GC: Electric melting is highly energy efficient, with a potential efficiency of up to 85% in cold-top melting furnaces, meaning that the majority of energy is effectively used in the glass melting process. In comparison, hydrogen has an overall energy efficiency of approximately 30%, which may make it a less cost-effective option if it is utilised in combustion.
LW: How does Schneider Electric systems integrate into float glass furnaces – and what do they do?
GC: Schneider Electric services and systems are crucial to ensuring that energy flows smoothly to and through a furnace. With over 2,000 consultants in our energy division, we specialise in managing the cost and risks associated with the energy entering the furnace, whether it comes from renewable sources through PPAs or more traditional power and gas sources.
Our team of climate consultants are equipped to measure emissions and develop decarbonisation strategies for entire enterprises. Additionally, our electrification engineers and consultants work to optimise the capital and operational expenses, as well as the resilience, of these new, larger electrical systems worldwide.
Our integrated power and process control systems regulate the power entering the furnace, whether it is from a utility or integral to the melting process when boosted, seamlessly under one control system. Furthermore, our AVEVA industrial software and digital twins empower model-based predictive control, predictive maintenance, and digital twin-based training systems for the next generation of furnaces.
AVEVA and ETAP offer digital twin software solutions for plant mechanical design, automation, and electrical systems. This allows engineers to pinpoint where efficiency gains can be made and how downtime can be avoided. Such tools also help provide maintenance teams with more efficient training and troubleshooting options. ETAP digital twin can simulate existing electrical network characteristics and test and measure the impact of changes to a plant’s electrical system without disturbing the live system.
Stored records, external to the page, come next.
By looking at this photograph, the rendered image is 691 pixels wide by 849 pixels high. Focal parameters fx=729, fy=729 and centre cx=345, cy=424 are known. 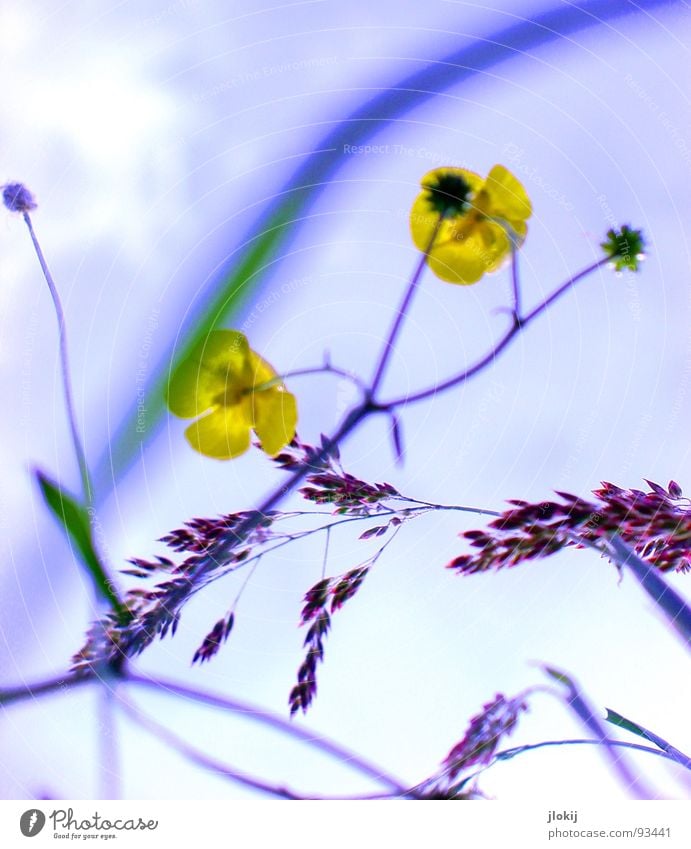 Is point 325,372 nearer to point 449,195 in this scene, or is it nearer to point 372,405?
point 372,405

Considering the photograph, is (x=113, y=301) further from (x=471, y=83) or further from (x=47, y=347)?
(x=471, y=83)

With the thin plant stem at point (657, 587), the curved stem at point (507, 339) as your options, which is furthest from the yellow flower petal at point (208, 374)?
the thin plant stem at point (657, 587)

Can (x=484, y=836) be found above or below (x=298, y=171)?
below

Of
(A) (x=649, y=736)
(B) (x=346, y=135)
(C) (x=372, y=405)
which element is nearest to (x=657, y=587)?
(A) (x=649, y=736)

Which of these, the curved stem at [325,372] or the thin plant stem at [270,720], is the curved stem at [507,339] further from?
the thin plant stem at [270,720]

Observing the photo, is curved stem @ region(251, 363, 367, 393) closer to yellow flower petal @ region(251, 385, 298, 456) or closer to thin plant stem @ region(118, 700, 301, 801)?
yellow flower petal @ region(251, 385, 298, 456)

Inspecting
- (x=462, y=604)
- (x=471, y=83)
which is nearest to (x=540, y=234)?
(x=471, y=83) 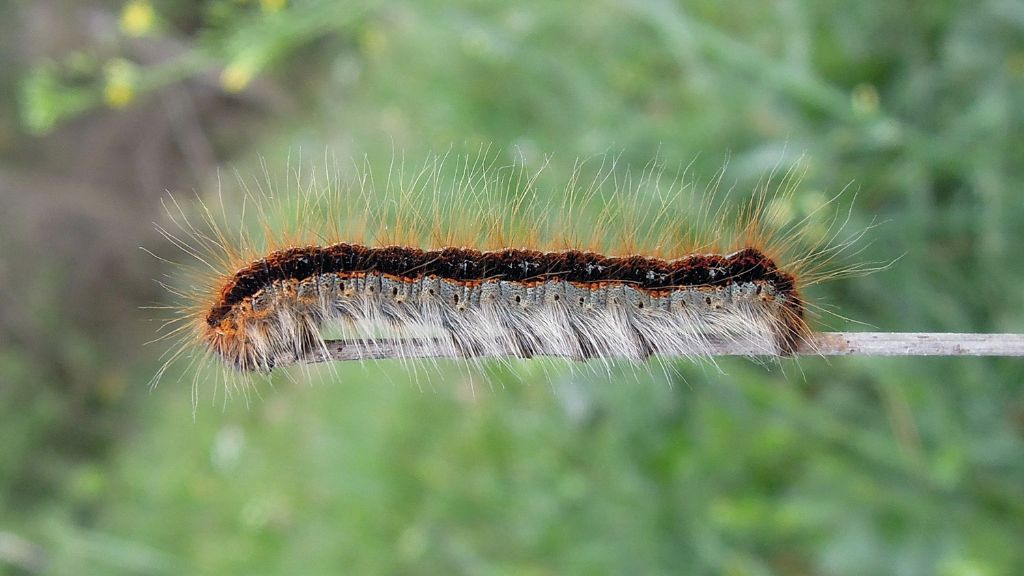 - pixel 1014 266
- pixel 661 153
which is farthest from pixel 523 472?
pixel 1014 266

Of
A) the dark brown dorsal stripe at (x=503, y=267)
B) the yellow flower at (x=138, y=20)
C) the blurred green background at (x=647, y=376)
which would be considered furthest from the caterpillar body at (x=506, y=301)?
the yellow flower at (x=138, y=20)

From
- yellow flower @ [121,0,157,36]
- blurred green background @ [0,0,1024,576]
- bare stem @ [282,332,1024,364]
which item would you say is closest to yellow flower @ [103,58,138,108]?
blurred green background @ [0,0,1024,576]

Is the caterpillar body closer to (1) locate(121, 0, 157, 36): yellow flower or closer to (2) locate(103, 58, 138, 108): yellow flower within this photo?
(2) locate(103, 58, 138, 108): yellow flower

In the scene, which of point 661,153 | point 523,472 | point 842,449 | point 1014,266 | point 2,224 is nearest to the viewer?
point 1014,266

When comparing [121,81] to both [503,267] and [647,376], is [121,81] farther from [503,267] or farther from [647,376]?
[647,376]

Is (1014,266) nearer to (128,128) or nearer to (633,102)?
(633,102)

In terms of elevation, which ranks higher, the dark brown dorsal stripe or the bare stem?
the dark brown dorsal stripe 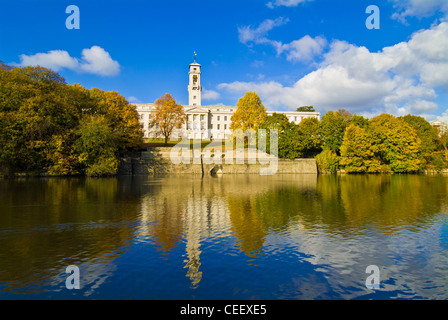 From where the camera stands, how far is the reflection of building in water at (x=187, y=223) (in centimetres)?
1013

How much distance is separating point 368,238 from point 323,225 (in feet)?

LW: Can they be retrofitted?
GC: Absolutely, our consultancy and engineering services, along with AVEVA industrial software, are designed to be completely hardware agnostic. However, retrofitting an existing furnace to become fully or partially electric is often an extremely challenging, and sometimes impossible, task.
LW: What are the benefits for float glass manufacturers? For example, how much carbon output can they reduce per year?
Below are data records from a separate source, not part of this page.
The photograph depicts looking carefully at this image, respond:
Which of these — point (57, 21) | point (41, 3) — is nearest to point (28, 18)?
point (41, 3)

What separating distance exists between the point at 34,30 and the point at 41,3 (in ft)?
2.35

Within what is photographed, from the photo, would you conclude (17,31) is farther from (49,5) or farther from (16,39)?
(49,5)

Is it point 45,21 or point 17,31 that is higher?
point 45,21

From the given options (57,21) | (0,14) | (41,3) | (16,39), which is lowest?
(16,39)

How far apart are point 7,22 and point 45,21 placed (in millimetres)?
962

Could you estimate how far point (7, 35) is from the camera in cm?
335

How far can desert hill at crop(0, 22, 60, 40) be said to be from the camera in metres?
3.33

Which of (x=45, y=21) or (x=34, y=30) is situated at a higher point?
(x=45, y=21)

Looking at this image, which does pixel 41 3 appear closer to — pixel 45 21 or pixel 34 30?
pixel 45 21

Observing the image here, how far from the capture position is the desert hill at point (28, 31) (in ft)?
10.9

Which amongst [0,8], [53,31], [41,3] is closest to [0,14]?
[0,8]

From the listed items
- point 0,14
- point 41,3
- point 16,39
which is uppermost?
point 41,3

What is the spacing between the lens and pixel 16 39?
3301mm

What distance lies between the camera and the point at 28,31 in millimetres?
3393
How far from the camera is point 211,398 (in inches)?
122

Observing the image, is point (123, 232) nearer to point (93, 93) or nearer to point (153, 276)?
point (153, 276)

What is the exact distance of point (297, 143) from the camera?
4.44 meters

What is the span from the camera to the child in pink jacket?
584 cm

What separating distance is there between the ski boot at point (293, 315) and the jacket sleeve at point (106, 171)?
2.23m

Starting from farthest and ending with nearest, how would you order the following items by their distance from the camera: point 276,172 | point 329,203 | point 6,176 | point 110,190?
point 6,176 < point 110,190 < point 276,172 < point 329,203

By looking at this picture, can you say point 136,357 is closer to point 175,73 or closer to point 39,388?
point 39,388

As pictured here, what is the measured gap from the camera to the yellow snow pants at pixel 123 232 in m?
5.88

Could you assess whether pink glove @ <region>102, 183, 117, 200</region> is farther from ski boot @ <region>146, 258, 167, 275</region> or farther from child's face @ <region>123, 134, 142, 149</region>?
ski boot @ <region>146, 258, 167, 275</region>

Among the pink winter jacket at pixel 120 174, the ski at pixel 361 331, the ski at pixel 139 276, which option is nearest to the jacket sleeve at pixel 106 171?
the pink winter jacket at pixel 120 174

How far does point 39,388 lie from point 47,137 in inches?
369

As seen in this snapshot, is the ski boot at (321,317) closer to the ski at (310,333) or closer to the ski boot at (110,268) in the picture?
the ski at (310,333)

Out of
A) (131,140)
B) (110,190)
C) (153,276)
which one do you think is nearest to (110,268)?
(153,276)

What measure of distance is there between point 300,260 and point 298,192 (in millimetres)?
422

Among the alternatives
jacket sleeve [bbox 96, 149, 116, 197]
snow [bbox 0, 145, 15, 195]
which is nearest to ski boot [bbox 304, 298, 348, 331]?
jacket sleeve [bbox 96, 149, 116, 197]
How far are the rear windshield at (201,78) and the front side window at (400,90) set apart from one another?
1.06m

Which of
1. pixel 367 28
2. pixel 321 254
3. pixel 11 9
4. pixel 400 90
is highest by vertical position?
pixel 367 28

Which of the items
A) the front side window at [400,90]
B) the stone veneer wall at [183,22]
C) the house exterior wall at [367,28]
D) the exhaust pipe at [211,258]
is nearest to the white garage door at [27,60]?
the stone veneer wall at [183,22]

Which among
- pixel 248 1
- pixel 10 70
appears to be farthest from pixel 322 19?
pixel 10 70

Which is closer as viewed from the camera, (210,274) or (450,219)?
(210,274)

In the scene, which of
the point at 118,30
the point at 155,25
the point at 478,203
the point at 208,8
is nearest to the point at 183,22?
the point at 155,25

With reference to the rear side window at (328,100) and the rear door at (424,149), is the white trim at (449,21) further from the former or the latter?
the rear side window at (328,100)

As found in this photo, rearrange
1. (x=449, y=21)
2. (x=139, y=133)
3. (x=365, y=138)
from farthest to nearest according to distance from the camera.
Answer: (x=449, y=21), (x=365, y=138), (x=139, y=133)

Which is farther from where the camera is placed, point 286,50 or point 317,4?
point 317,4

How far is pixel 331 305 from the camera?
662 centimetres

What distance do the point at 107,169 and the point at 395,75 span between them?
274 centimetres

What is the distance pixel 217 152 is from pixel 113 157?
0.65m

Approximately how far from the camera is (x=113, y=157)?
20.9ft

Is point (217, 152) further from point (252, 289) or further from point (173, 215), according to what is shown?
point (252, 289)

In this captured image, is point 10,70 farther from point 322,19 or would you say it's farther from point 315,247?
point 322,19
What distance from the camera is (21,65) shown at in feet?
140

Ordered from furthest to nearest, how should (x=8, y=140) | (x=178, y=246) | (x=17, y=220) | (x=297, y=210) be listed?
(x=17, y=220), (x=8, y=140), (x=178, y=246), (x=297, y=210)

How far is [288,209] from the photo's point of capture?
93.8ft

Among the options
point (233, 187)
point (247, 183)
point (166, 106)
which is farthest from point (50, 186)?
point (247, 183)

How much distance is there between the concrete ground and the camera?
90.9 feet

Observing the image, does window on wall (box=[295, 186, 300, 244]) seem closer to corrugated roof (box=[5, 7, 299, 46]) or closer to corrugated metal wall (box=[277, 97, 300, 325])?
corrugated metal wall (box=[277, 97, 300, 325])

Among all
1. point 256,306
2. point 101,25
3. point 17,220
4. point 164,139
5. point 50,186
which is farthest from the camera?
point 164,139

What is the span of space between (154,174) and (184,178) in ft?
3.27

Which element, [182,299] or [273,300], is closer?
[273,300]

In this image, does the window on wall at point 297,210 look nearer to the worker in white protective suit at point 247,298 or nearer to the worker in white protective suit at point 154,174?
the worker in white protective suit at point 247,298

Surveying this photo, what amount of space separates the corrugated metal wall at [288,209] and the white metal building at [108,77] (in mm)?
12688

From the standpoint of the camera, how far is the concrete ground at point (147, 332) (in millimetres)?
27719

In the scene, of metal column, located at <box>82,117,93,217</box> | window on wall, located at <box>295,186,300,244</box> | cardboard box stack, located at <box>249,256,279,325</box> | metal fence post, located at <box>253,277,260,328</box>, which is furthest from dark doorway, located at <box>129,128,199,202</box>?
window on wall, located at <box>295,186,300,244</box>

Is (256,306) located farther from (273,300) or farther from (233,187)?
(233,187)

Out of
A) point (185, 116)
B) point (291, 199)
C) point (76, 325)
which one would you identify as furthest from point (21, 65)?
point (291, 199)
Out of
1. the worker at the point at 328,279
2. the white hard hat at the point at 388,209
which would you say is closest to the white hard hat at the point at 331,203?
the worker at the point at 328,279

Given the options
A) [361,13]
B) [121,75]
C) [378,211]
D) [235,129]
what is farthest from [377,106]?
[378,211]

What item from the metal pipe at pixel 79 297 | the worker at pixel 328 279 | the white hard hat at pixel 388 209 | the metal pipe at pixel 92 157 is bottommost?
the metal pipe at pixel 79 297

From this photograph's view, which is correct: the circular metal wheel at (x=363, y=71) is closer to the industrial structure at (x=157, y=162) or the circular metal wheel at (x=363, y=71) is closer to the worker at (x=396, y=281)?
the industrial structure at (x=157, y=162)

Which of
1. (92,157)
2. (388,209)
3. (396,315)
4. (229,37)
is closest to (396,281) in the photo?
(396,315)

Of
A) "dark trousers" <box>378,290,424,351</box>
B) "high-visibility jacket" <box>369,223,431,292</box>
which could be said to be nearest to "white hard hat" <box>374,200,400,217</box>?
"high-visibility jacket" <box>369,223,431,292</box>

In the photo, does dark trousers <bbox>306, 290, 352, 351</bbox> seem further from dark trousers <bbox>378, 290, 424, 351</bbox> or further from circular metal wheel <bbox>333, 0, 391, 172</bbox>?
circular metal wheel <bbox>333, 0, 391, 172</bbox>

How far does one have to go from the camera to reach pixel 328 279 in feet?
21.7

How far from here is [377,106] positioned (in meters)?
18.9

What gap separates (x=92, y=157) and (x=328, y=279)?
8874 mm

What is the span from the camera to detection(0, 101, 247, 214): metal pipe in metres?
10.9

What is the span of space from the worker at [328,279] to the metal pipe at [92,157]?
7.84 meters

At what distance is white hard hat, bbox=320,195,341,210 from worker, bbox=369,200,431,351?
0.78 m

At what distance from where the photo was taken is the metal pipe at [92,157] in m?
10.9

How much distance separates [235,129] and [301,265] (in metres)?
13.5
GC: Our model based predictive control systems typically generate energy savings ranging from 2-5%, although an optimistic estimate would be around 1-3%, depending on the furnace’s current state and control.
When you factor in boosting systems that are supported by our strategically sourced renewable energy, the potential for energy savings is limited only by the level of electrification. In fact, it’s possible to achieve savings of up to 80% when you consider that roughly 20% of the energy comes from the batch mix itself.
LW: Can you give an example of an existing electric float glass furnace?
GC: At Schneider Electric we’re currently working on several exciting projects with key customers that could potentially boost energy efficiency by 30-50%.
Electric melting is not a new concept and has been in use for as long as gas-fired furnaces. Some glass manufacturers have already implemented all-electric furnaces, particularly in the production of lower pull type of furnaces such as tableware and special glass like borosilicate/pharmaceutical glasses. Container glass is likely to be the first high-pull commodity industry to follow this route.
While the float industry has also made some progress in this direction, transitioning to an all-electric or 80% hybrid system will be more challenging due to the amount of power required and the number of electrodes needed to accommodate it.